Seus defensores argumentam que elas podem trazer mais recursos para o SUS, mas uma investigação atenta sugere outro cenário. Dados reunidos por Fabíola Sulpino Vieira, coordenadora de saúde do Ipea, apontam que o crescimento das emendas – que já chegam a 11,4% do orçamento federal do SUS – não adicionou verbas. Trata-se apenas de uma realocação de recursos. Parte destes deixa de ser definida pelo Ministério da Saúde e passa a ser destinada pelos parlamentares. “O piso da saúde, que já virou teto, tem tido maiores parcelas alocadas por emendas”, afirma.

Seus efeitos também são políticos. “A centralidade do Executivo está se dissipando e os ministérios estão fragilizados na capacidade de articular”, alerta Frederico Bertholini, cientista político e professor da UnB. Ele chamou atenção para a atual tendência dos gestores municipais já não buscarem recursos nas pastas federais, mas nos gabinetes do Congresso Nacional, tendo em vista a maior flexibilidade dos recursos das emendas parlamentares. “Os gestores vão querer menos responsabilidades e mais capacidade de colocar o dinheiro onde querem”, aponta. O Ministério da Saúde já sofre dificuldades para controlar a orientação de recursos.

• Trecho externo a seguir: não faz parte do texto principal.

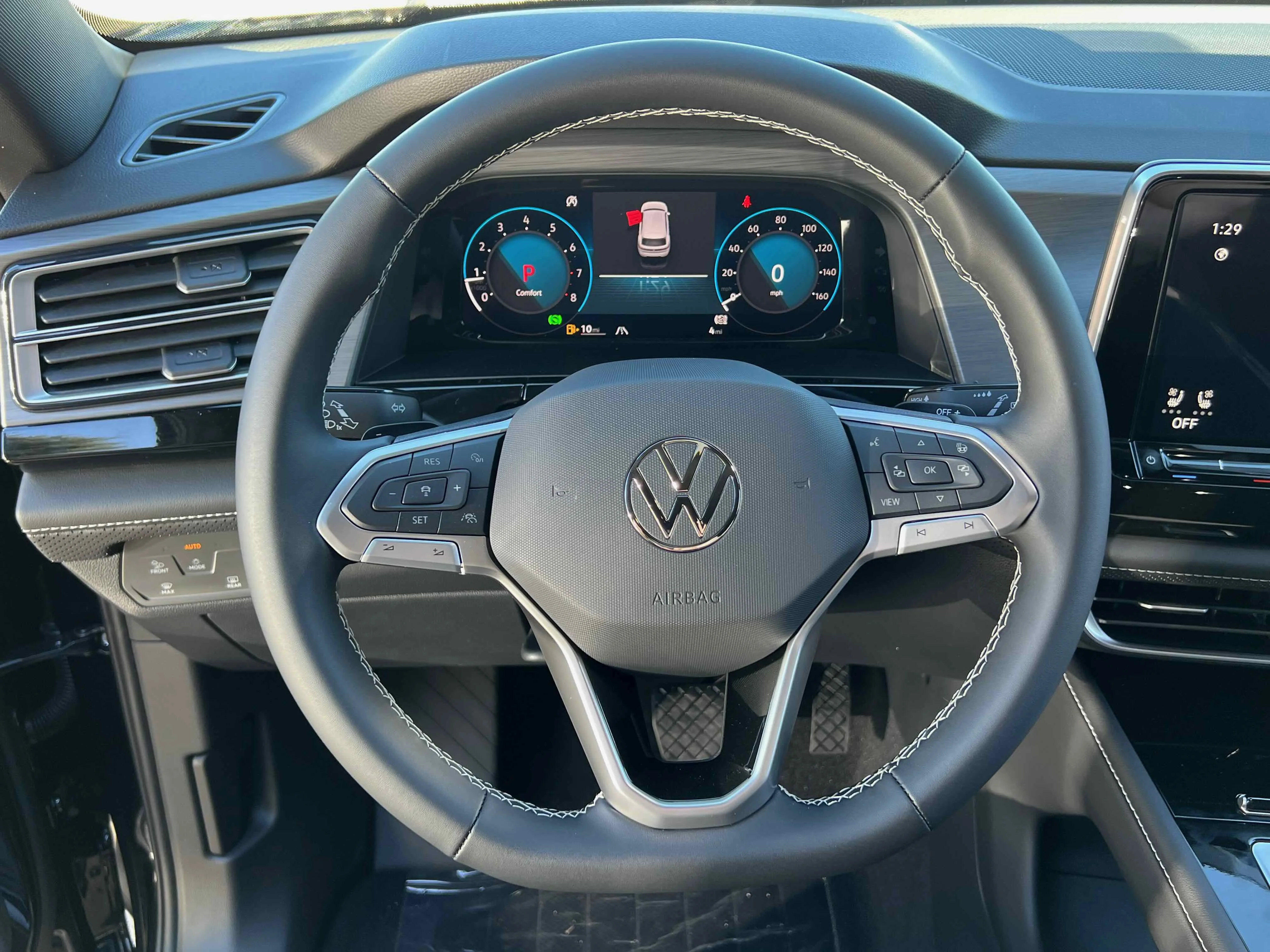 New 2026 Deep Black Volkswagen 2.0T SE w/Technology image 31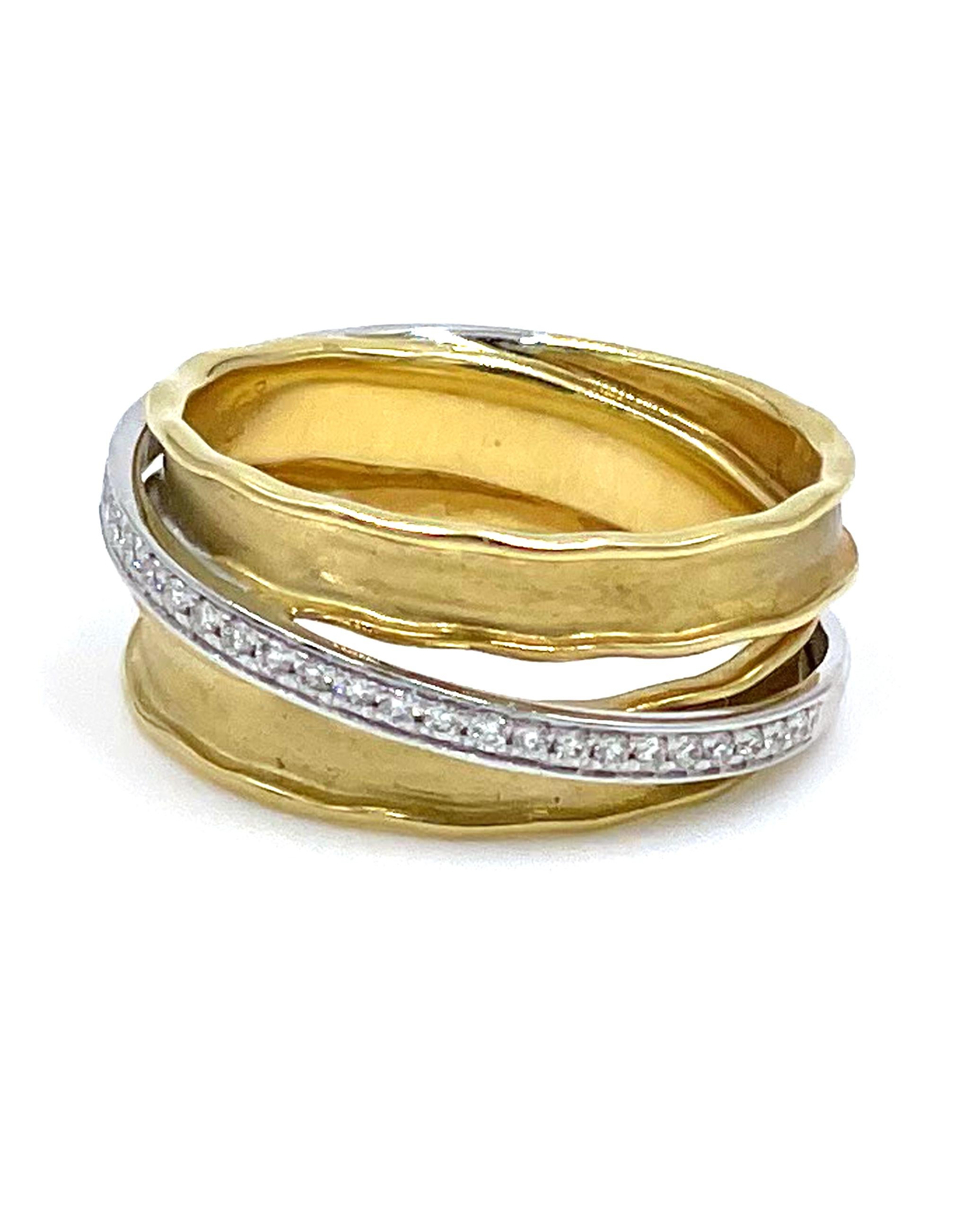 Simon G. LR2576 18K white and yellow gold organic woven ring with round diamonds totaling 0.14 carats.

* 9.10mm wide and tapers down to 6.40mm
* Diamonds are G/H color, VS2/SI1 clarity
* Finger size 6.25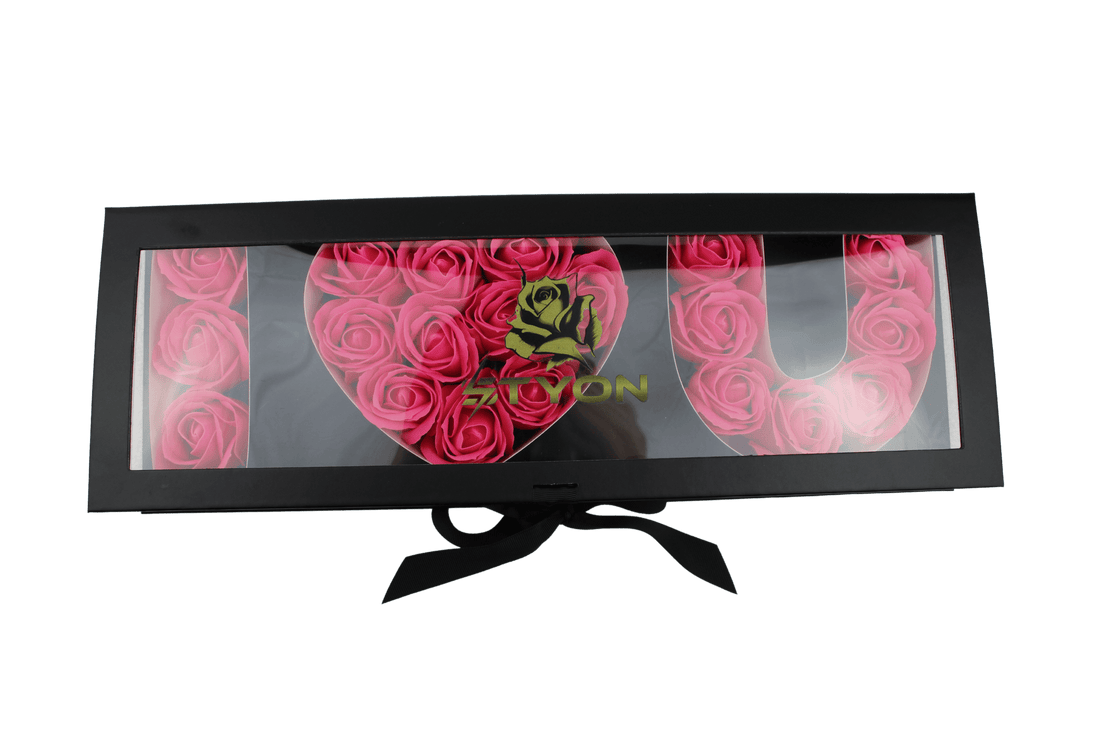 Schwarze Ich liebe dich Box mit Fenster und rosa Seifenrosen - Styon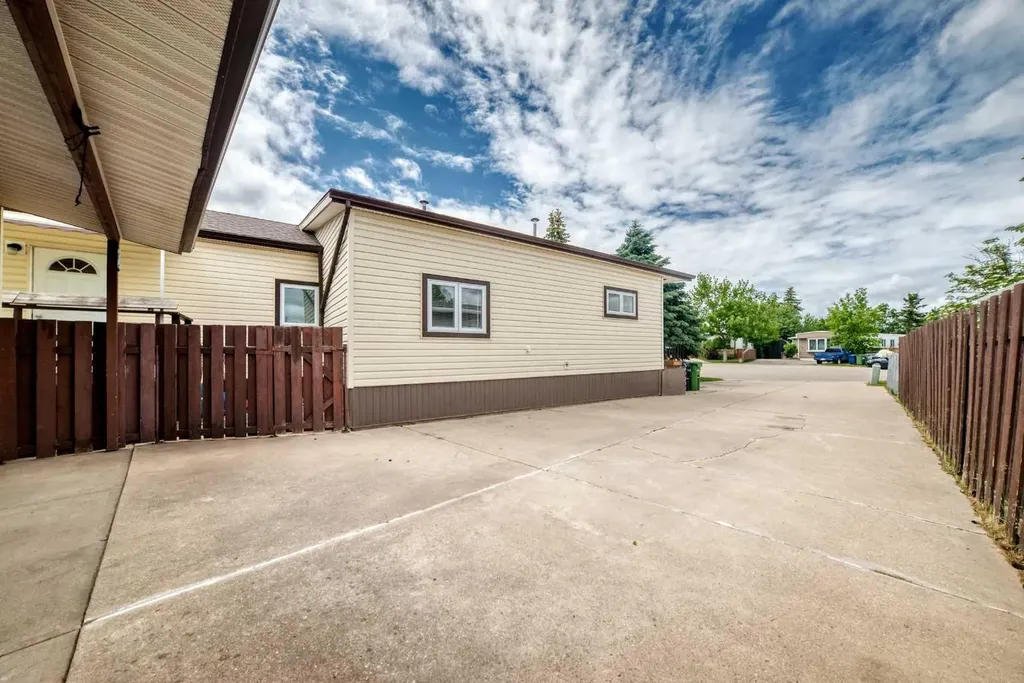 840 Spring Haven Court SE Airdrie AB T4A 1B7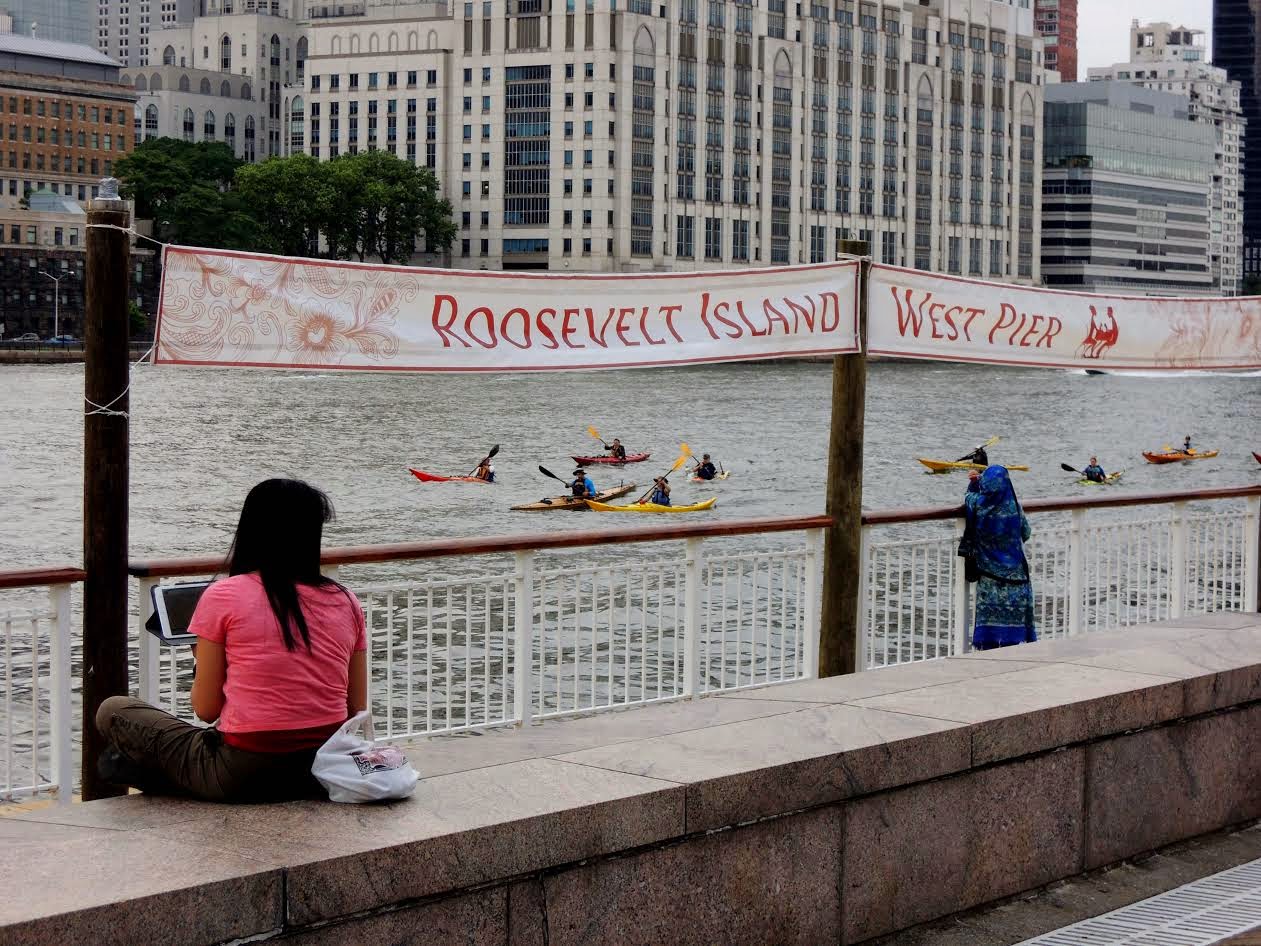 Roosevelt Islander Online Kayakers Paddling Past Roosevelt Island West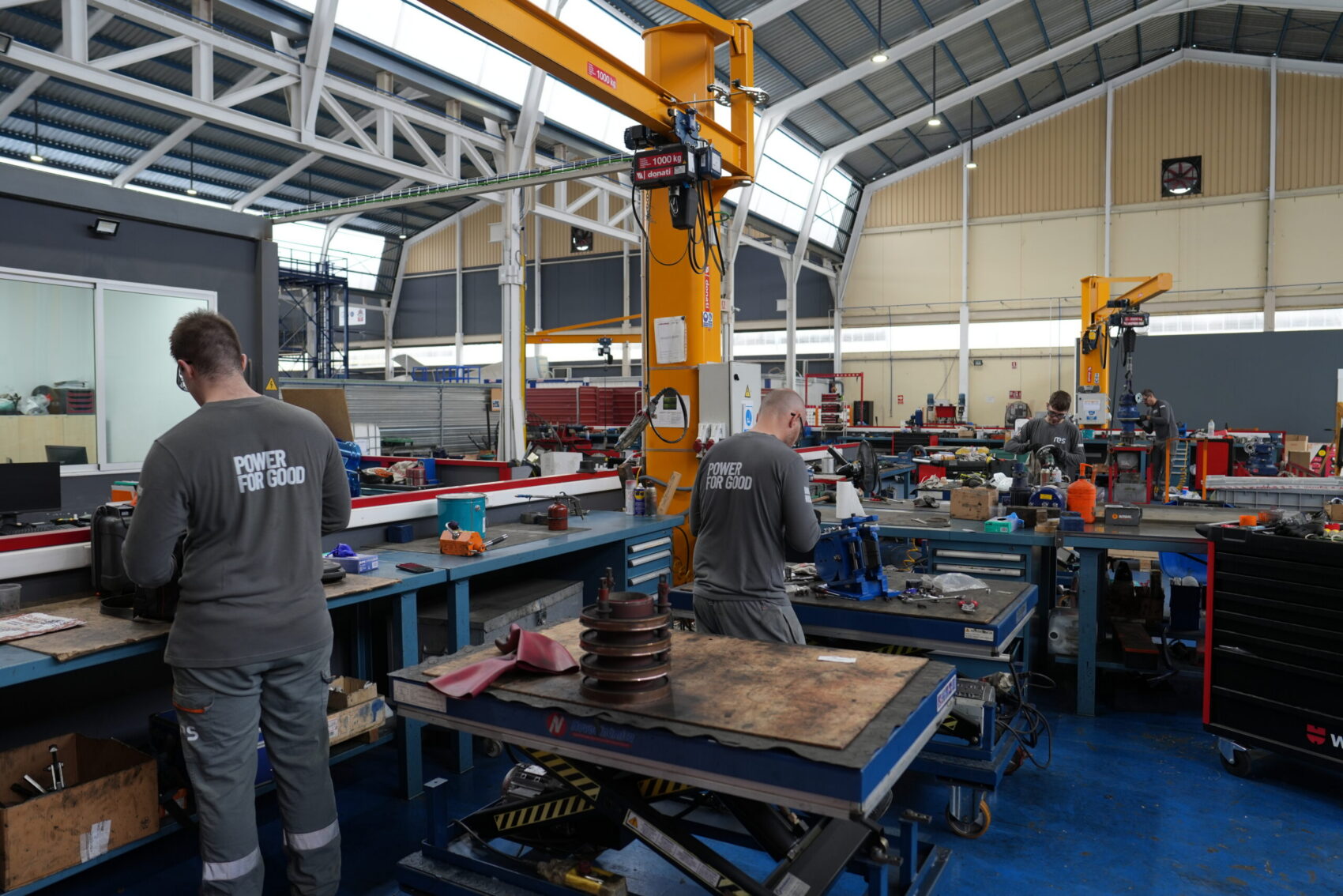 Técnicos da RES em oficina de reparo de componentes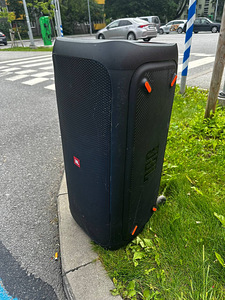 JBL partybox 310 (5 фото из 8)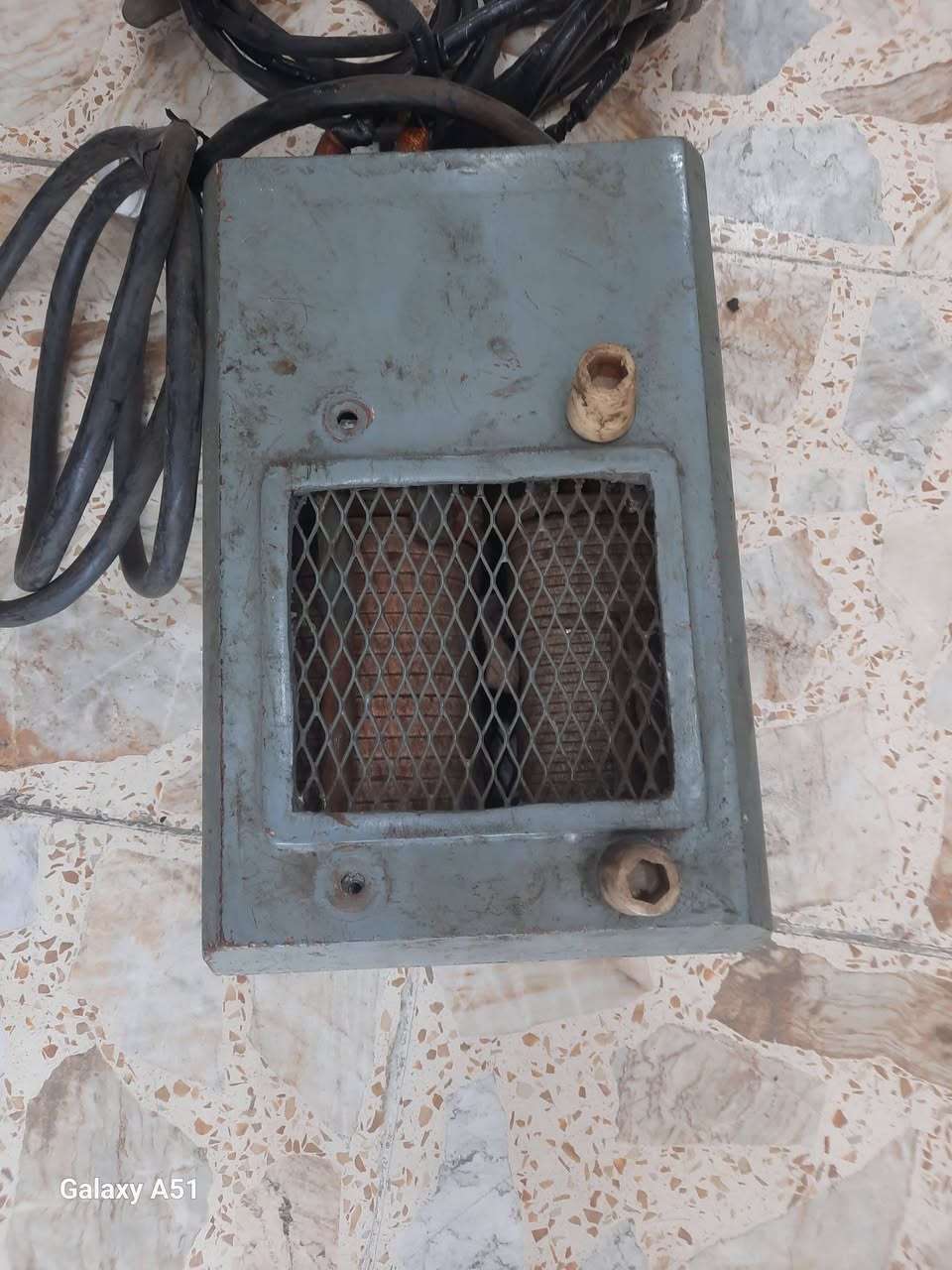 سلام عليكم  للبيع دريل ثابت  كوسره ثابته مكينه لحيم الدريل ٣٠٠ والكوسره ٢٠٠ والمكينه ٢٥٠ العنوان بغداد رقم الهاتف ***********
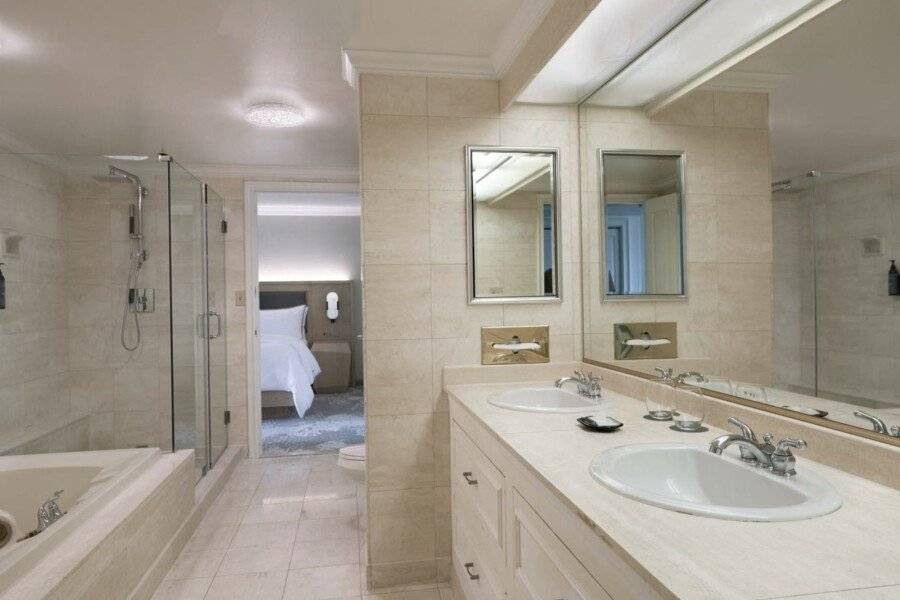 The Westin Airport bathtub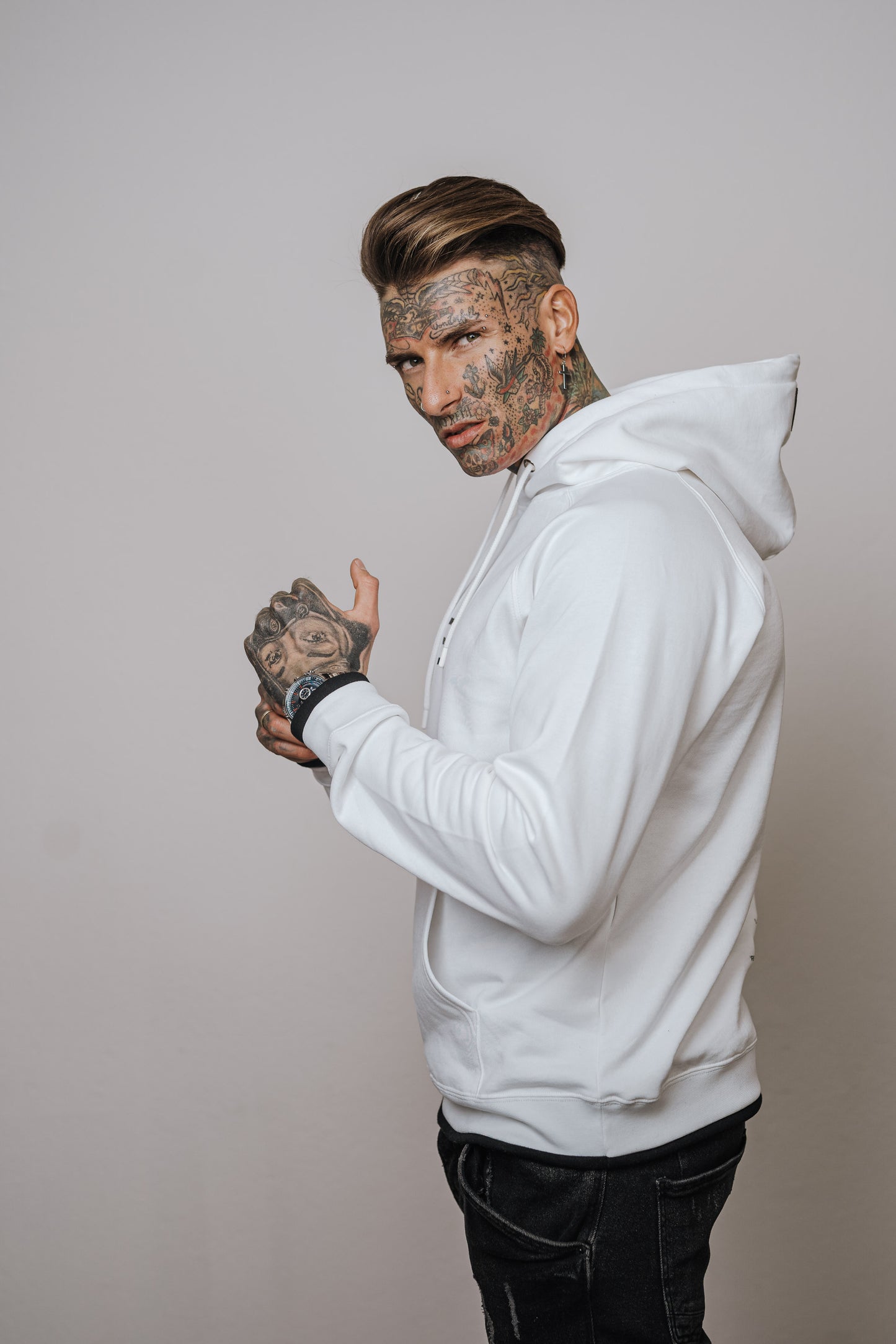 MEN HOODIE - WHITE OVERSIZE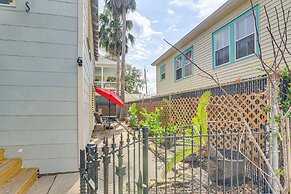 Cozy Galveston Apt w/ Patio: Close to The Strand!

É um cenário de perigos, especialmente para a integralidade do cuidado, diz Fabíola: “Quem recebe uma montanha de recursos não vai dividir com o município ao lado, mesmo que ele precise mais, já que as emendas não têm pactuação e não levam em conta os critérios legais de rateio, que buscam diminuir as disparidades regionais”. 

A apropriação particular de recursos públicos também causa preocupação, já que entre 2019 e 2024 cresceu enormemente a parcela das emendas cujo beneficiário final é uma instituição privada sem fins lucrativos, ela explica. “Se não lidarmos com isso, vamos ter um sistema descoordenado”, concluiu a pesquisadora do Ipea.